Dataset section:
──────

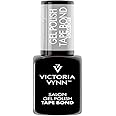 VICTORIA VYNN Gel Polish Tape Bond SOAK Off, Grey, 8 ml (Pack of 1)
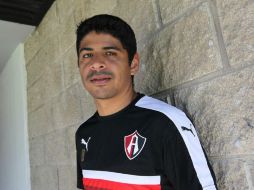 Afirma que ser el referente oficial de su equipo 'seria un honor'. EL INFORMADOR / ARCHIVO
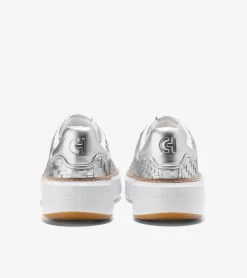 Women Cole Haan SNEAKERS^Women's Grandpr&oslash; Topspin Sneakers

──────

About this task:
Start with the line that holds "Afirma que ser" and retype each line through the last one in the data, exactly and without pictures.

Completed exercise:
 Afirma que ser el referente oficial de su equipo 'seria un honor'. EL INFORMADOR / ARCHIVO
 Women Cole Haan SNEAKERS^Women's Grandpr&oslash; Topspin Sneakers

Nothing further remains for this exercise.